Ce requin de rivière, prédateur sans pitié, est le roi du lac. En eau profonde, il ne craint personne… sauf le pêcheur qui, lorsqu’il l’attrape, passe un coup de fil au Bellevue Le Rocheray qui passe un coup de fil à Guérilla Gourmande. A moins que ce soit l’inverse.

Toujours est-il que le brochet du Rocheray est garanti du lac situé à seulement quelques mètres du restaurant. Pour le moment, la bête attend en cuisine. Il faut d’abord s’échauffer: Ananas aux épices. Le fruit est servi tiède et on reconnaît la vanille ainsi que le safran. Un amuse-bouche affûté et original qui met les papilles en alerte. Joli coup: c’est le branle-bas de combat dans le clapet.

 

Ananas aux épices au Rocheray

 

Pas de conclusions hâtives, Le Rocheray est une adresse où les classiques sont à l’honneur.
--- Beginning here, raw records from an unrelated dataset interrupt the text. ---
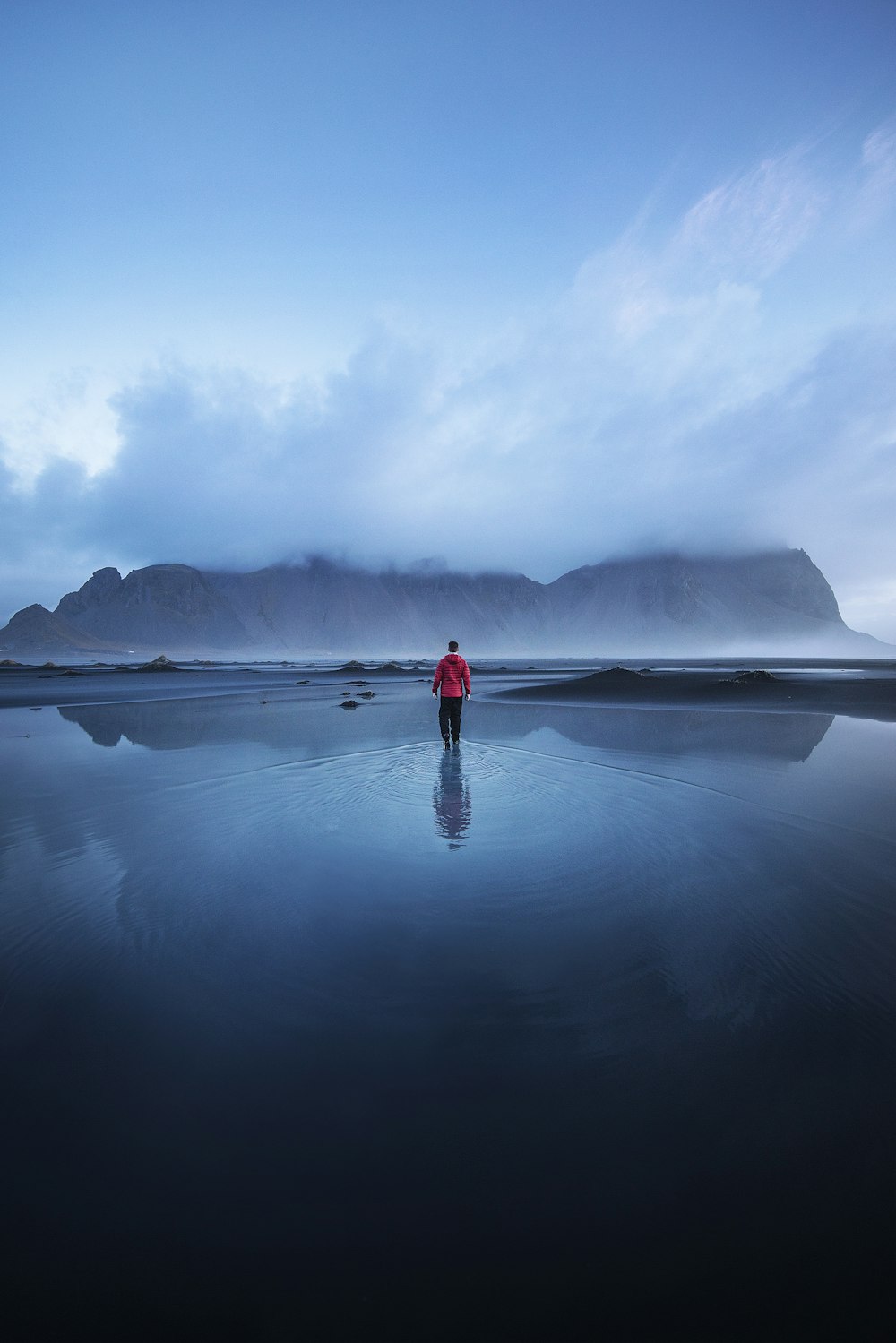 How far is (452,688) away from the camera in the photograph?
43.2 ft

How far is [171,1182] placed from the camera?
7.59 feet

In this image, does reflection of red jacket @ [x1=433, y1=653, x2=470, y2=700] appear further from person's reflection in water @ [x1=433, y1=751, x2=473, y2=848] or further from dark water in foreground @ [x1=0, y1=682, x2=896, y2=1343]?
dark water in foreground @ [x1=0, y1=682, x2=896, y2=1343]

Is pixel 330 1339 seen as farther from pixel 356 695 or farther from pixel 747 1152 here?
pixel 356 695

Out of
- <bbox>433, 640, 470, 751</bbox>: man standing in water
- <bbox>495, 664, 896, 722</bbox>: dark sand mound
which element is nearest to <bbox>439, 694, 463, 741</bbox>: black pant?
<bbox>433, 640, 470, 751</bbox>: man standing in water

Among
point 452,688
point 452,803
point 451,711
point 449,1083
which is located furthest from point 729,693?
point 449,1083

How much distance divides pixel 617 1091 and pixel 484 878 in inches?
108

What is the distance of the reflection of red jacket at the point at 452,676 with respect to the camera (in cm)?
1319

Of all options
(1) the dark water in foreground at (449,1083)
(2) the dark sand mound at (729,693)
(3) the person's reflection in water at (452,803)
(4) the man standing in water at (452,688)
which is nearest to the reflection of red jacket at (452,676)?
(4) the man standing in water at (452,688)

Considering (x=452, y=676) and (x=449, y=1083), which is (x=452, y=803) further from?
(x=449, y=1083)

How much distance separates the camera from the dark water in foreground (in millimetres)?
1959

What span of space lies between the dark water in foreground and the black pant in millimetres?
6392

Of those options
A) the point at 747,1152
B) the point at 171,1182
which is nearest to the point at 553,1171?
the point at 747,1152

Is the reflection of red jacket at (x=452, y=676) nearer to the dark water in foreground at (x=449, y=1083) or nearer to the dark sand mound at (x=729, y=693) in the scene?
the dark water in foreground at (x=449, y=1083)

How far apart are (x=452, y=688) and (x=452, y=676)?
11.2 inches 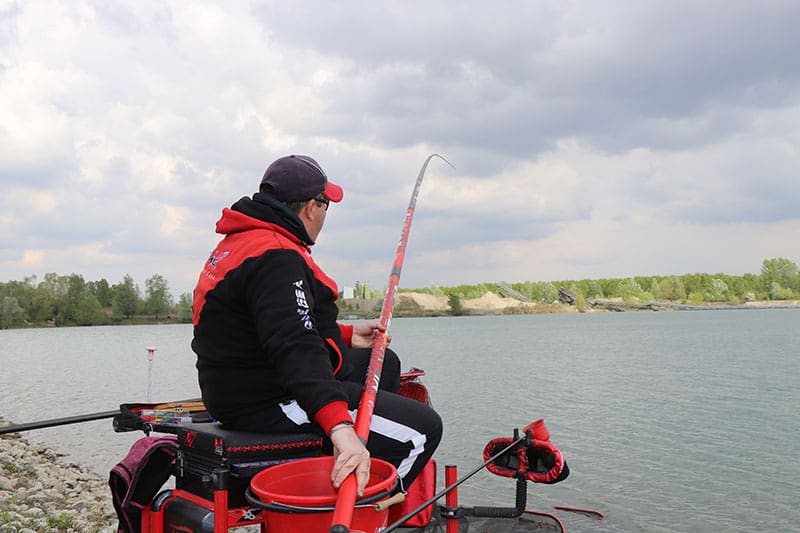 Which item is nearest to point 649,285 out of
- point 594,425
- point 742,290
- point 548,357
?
point 742,290

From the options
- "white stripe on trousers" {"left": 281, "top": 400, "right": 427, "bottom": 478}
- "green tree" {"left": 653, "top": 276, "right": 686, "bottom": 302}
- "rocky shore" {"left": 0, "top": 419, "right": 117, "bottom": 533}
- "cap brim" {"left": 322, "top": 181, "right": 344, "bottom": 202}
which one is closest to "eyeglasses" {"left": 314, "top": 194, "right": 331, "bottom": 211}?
"cap brim" {"left": 322, "top": 181, "right": 344, "bottom": 202}

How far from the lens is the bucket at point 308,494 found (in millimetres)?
2137

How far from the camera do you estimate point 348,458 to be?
2172 millimetres

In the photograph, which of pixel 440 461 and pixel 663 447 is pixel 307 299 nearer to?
pixel 440 461

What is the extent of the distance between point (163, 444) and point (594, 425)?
12917 millimetres

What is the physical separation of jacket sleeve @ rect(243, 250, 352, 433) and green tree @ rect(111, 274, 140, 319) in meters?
106

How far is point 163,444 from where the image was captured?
3301 millimetres

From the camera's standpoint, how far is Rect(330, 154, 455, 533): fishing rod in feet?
6.43

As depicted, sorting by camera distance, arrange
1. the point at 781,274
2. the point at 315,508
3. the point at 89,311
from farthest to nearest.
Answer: the point at 781,274 < the point at 89,311 < the point at 315,508

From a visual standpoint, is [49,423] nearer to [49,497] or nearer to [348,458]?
[348,458]

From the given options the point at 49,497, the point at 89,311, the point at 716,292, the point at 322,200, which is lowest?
the point at 49,497

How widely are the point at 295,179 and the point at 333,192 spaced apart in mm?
219

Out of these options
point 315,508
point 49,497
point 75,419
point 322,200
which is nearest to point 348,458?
point 315,508

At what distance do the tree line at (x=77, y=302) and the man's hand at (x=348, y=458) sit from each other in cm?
9716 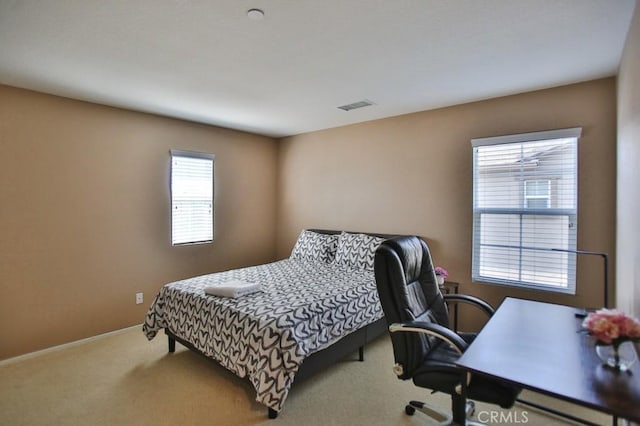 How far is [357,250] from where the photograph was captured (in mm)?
3828

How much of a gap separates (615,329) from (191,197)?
4.11 m

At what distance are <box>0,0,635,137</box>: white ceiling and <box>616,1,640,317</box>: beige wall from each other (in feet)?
0.68

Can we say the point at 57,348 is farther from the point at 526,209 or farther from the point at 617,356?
the point at 526,209

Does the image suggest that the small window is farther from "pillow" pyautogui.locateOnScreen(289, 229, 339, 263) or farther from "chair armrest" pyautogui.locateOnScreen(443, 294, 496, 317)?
"pillow" pyautogui.locateOnScreen(289, 229, 339, 263)

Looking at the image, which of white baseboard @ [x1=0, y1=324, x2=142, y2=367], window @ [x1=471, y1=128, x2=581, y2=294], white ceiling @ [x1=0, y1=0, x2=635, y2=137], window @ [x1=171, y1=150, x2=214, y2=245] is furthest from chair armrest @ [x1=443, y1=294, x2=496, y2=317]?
white baseboard @ [x1=0, y1=324, x2=142, y2=367]

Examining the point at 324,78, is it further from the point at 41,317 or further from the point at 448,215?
the point at 41,317

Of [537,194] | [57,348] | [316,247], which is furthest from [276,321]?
[537,194]

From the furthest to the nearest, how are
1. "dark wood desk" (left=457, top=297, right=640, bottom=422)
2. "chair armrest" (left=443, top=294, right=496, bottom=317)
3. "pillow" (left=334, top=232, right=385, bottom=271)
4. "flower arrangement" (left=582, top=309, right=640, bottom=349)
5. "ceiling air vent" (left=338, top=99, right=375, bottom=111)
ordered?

C’est la saison des asperges et ces dernières sont servies en entrée avec de vieux routards des tables traditionnelles. Une généreuse portion de sauce béarnaise bien montée qui ajout un twist très généreux au plat. Avec ça, une tranche de jambon fumé bien charpenté, pas du serrano ou de Parme, produits un peu trop courus ces derniers temps. Un truc plus modeste mais pas moins goûteux qui fleure bon le feu de bois. C’est joliment présenté, tendre et cuit à la perfection.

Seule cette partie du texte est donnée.